Pharmazeutische Zeitung online

Renaissance für Kombianalgetika bei Migräne

30.10.2000  00:00 Uhr

Renaissance für Kombianalgetika bei Migräne

von Elke Wolf, Antibes

Seit jeher haben Kombinationsanalgetika in Deutschland einen schweren Stand. Denn ihnen wird einiges zur Last gelegt: Sie würden auf die Dauer Nephropathien auslösen, Kopfschmerzen induzieren, und obendrein sei ihre Wirksamkeit nicht ausreichend belegt.

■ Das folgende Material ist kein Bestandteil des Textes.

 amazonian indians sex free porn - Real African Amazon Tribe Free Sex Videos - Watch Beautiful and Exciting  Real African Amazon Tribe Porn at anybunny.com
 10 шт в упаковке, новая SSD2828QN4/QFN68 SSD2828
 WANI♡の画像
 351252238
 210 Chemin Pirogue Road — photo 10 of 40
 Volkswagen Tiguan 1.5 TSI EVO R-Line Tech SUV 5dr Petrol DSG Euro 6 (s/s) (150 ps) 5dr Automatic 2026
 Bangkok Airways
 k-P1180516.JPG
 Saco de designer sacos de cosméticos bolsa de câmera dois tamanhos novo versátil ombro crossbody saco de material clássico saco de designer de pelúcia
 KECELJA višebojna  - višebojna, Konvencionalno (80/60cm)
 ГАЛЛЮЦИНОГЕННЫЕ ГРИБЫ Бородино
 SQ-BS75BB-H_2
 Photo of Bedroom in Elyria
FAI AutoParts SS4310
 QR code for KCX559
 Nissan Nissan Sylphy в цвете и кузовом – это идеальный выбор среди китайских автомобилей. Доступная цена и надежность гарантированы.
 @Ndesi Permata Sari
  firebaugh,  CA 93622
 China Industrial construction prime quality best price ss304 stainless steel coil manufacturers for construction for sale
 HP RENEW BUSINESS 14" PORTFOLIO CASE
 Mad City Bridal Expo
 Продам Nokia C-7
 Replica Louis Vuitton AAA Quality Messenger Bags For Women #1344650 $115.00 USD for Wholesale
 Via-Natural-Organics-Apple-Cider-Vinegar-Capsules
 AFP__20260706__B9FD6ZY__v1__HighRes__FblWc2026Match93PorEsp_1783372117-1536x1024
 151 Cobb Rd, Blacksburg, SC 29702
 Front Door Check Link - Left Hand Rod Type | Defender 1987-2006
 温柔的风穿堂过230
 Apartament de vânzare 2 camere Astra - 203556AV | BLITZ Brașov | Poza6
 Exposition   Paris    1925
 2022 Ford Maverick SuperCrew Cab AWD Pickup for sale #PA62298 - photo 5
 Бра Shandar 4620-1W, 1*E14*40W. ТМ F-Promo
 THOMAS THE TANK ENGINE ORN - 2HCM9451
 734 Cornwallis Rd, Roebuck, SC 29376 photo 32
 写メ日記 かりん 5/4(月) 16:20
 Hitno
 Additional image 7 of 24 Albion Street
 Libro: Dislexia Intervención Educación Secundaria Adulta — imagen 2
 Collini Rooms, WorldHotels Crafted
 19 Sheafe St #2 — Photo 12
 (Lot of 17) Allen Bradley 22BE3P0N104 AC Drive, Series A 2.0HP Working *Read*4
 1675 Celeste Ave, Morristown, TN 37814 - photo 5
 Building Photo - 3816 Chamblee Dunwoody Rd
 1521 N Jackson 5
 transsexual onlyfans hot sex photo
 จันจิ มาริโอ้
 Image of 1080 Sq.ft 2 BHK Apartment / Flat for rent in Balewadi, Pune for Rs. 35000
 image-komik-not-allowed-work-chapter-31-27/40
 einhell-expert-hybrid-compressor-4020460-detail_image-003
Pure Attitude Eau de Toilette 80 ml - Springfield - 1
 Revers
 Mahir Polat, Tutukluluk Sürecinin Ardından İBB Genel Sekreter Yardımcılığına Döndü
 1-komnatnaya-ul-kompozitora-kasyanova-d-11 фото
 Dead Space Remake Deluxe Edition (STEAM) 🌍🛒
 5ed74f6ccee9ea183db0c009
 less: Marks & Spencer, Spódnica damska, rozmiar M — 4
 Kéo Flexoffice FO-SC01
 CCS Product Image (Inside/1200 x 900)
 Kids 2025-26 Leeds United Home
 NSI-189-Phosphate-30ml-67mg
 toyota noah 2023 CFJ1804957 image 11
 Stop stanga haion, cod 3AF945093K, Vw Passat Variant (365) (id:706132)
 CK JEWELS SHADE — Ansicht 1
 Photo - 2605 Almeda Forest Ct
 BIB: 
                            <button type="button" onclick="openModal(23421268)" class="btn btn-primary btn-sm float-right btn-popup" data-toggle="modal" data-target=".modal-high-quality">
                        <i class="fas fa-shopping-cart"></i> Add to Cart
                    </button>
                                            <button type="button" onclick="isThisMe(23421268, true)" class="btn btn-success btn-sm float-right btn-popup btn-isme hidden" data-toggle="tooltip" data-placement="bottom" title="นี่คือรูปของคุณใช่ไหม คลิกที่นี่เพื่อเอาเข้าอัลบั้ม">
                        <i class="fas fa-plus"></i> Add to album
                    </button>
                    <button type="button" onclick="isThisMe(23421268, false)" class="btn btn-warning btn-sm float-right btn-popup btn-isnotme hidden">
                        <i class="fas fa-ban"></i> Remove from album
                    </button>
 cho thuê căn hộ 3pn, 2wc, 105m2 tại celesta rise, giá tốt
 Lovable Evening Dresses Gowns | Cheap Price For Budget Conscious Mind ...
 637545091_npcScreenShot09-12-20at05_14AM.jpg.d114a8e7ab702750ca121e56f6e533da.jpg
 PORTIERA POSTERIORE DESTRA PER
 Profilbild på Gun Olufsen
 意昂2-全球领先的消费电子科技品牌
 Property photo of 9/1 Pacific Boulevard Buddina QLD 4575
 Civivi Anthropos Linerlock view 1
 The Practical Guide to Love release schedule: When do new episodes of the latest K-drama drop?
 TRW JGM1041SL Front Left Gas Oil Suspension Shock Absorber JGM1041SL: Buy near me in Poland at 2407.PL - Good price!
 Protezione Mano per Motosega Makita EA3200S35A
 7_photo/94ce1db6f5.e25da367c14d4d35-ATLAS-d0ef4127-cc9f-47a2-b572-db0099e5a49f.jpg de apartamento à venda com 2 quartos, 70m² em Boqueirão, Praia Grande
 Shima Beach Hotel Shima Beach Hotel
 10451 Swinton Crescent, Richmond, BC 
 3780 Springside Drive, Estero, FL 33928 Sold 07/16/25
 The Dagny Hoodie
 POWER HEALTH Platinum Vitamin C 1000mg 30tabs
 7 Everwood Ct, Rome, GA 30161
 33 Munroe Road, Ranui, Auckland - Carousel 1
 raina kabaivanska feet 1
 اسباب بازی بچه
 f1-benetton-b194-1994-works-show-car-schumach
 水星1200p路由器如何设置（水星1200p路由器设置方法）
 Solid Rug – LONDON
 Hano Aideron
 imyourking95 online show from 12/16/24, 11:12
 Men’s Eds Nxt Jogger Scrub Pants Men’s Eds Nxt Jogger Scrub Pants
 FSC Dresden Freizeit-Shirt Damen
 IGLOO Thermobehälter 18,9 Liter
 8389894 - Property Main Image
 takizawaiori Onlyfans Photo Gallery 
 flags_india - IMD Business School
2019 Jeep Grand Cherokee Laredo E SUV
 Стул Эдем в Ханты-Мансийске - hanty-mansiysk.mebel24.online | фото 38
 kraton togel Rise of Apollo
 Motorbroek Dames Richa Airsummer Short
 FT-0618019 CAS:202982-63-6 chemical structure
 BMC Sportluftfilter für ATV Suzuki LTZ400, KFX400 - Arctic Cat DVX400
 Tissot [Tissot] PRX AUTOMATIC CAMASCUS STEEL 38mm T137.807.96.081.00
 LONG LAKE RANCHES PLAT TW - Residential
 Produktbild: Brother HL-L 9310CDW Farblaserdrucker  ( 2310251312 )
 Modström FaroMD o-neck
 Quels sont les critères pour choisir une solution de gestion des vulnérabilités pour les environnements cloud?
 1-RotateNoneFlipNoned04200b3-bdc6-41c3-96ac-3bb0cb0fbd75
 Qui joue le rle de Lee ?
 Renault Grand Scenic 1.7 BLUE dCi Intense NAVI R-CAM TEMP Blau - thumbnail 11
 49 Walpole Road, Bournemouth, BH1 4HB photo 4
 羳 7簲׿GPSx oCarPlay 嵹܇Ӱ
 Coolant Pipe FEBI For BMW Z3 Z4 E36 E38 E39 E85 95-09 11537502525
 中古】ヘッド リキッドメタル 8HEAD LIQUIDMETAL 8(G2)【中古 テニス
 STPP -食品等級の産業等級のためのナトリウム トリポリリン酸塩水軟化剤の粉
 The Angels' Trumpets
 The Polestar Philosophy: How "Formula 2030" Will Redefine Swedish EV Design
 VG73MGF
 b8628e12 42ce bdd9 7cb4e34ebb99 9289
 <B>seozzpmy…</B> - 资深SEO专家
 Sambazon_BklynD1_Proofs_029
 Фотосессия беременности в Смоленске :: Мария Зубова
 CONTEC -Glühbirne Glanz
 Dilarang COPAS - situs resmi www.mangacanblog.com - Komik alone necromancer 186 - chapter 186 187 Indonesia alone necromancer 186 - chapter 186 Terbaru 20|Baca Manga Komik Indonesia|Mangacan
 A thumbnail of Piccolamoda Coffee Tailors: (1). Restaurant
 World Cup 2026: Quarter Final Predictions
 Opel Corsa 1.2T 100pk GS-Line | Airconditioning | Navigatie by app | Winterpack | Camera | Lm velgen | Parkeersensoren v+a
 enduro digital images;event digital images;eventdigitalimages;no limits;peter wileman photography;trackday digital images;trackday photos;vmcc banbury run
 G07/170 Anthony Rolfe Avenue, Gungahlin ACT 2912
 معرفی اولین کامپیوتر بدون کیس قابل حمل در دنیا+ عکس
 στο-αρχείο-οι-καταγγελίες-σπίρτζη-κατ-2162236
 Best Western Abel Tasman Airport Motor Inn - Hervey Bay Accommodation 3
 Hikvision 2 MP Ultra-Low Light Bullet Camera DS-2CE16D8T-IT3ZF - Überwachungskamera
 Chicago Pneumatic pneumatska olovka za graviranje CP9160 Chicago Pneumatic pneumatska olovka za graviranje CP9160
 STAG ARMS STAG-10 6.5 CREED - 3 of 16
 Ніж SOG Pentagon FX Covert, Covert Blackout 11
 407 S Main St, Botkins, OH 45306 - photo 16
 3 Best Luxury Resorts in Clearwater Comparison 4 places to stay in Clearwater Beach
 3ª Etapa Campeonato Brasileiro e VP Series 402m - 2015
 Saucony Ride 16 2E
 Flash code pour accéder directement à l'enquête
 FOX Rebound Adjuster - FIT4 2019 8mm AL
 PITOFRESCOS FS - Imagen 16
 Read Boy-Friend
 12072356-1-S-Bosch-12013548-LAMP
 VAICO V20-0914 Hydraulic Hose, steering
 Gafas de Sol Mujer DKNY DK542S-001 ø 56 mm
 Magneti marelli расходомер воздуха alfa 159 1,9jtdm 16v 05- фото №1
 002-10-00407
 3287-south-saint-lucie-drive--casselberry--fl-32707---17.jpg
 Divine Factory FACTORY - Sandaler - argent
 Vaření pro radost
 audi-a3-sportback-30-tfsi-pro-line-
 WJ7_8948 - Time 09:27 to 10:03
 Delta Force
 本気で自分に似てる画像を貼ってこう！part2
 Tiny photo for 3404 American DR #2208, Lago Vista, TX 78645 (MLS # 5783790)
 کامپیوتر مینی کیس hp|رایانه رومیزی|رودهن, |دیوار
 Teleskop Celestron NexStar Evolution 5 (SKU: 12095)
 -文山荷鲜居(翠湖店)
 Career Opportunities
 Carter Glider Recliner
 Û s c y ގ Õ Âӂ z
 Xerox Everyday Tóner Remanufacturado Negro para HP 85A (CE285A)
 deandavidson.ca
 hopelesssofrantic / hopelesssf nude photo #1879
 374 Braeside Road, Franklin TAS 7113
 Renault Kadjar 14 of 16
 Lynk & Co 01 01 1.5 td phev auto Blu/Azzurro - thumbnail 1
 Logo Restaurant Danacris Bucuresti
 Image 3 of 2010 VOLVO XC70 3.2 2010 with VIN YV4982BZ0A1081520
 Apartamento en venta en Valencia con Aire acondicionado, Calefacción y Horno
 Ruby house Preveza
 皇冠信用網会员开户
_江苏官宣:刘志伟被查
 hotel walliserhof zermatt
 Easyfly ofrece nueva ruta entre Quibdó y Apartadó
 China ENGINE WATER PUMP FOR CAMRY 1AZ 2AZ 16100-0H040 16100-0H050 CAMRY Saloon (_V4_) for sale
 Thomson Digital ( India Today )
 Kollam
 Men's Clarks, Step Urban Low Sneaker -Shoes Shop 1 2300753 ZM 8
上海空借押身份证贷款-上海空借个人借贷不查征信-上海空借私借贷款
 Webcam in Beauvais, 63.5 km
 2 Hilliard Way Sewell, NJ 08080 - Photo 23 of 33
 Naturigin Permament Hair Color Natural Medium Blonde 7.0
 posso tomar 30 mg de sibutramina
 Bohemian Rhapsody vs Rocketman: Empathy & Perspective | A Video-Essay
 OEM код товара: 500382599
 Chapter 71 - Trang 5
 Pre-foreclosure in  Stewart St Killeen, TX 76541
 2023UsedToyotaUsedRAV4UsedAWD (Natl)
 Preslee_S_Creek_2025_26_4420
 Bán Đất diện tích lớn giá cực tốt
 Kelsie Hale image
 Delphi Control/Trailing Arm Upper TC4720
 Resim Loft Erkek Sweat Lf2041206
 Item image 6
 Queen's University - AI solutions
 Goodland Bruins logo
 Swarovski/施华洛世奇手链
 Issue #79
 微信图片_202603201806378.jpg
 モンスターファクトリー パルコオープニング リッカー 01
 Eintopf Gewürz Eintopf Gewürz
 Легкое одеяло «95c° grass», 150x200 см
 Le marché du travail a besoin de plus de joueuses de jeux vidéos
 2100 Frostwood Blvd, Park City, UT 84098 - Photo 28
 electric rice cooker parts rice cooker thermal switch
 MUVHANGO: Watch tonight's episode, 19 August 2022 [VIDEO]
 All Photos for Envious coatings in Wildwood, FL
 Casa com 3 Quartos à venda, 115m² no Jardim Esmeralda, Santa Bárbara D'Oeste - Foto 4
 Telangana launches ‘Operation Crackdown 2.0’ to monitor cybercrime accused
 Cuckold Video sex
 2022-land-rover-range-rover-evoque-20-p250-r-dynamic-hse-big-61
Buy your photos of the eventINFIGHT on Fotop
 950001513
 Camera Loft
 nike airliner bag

Doch neue Daten und Empfehlungen verschiedener Fachgesellschaften zeichnen ein anderes Bild.

Die aktuellen Therapieempfehlungen des US-Headache-Konsortiums listen die fixe Kombination von Acetylsalicylsäure, Paracetamol und Koffein als Mittel der ersten Wahl bei Patienten mit Kopfschmerzen. Die Analgetika-Kombination, die in Deutschland dem Präparat Thomapyrin* entspricht, wird damit ähnlich effektiv bewertet wie die Monowirkstoffe ASS, Ibuprofen oder Naproxen. Auch die Deutsche Migräne- und Kopfschmerzgesellschaft (DMKG) empfiehlt Migränikern die fixe Dreierkombination mit Coffein. "Die Kombination wurde in den USA untersucht und war wirksamer als Placebo." Die Datenlage sei ebenso gut wie für Monopräparate.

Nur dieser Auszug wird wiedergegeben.